**What needs to be done:**
Write down exactly the lines of the records below, beginning with the first and ending with the line that includes "Продам 10000 банкнота 2003 года".

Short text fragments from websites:
Segment Open

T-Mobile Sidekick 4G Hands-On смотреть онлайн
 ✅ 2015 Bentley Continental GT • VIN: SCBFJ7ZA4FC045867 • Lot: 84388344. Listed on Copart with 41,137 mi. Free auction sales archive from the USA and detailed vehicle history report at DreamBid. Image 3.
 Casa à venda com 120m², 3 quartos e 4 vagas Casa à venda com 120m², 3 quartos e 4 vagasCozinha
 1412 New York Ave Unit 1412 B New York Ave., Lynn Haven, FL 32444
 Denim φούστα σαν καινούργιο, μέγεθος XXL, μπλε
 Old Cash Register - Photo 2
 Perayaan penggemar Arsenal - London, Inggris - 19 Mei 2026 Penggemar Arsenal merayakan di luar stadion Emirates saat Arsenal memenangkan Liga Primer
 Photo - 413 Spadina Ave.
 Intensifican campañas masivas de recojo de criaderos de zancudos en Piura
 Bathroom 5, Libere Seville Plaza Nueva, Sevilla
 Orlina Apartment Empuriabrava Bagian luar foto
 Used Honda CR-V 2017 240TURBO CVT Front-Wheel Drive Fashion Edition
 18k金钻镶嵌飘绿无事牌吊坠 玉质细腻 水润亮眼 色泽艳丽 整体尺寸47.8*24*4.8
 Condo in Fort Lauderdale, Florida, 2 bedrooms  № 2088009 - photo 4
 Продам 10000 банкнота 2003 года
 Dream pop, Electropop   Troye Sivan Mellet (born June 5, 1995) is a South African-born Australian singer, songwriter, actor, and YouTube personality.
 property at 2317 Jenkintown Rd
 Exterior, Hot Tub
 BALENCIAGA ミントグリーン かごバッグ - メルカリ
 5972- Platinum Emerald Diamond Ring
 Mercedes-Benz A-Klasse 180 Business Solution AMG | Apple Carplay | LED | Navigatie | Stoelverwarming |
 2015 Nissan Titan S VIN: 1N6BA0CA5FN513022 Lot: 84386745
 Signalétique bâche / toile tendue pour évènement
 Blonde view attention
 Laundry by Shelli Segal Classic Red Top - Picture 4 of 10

Segment Closed

**Written response:**
T-Mobile Sidekick 4G Hands-On смотреть онлайн
 ✅ 2015 Bentley Continental GT • VIN: SCBFJ7ZA4FC045867 • Lot: 84388344. Listed on Copart with 41,137 mi. Free auction sales archive from the USA and detailed vehicle history report at DreamBid. Image 3.
 Casa à venda com 120m², 3 quartos e 4 vagas Casa à venda com 120m², 3 quartos e 4 vagasCozinha
 1412 New York Ave Unit 1412 B New York Ave., Lynn Haven, FL 32444
 Denim φούστα σαν καινούργιο, μέγεθος XXL, μπλε
 Old Cash Register - Photo 2
 Perayaan penggemar Arsenal - London, Inggris - 19 Mei 2026 Penggemar Arsenal merayakan di luar stadion Emirates saat Arsenal memenangkan Liga Primer
 Photo - 413 Spadina Ave.
 Intensifican campañas masivas de recojo de criaderos de zancudos en Piura
 Bathroom 5, Libere Seville Plaza Nueva, Sevilla
 Orlina Apartment Empuriabrava Bagian luar foto
 Used Honda CR-V 2017 240TURBO CVT Front-Wheel Drive Fashion Edition
 18k金钻镶嵌飘绿无事牌吊坠 玉质细腻 水润亮眼 色泽艳丽 整体尺寸47.8*24*4.8
 Condo in Fort Lauderdale, Florida, 2 bedrooms  № 2088009 - photo 4
 Продам 10000 банкнота 2003 года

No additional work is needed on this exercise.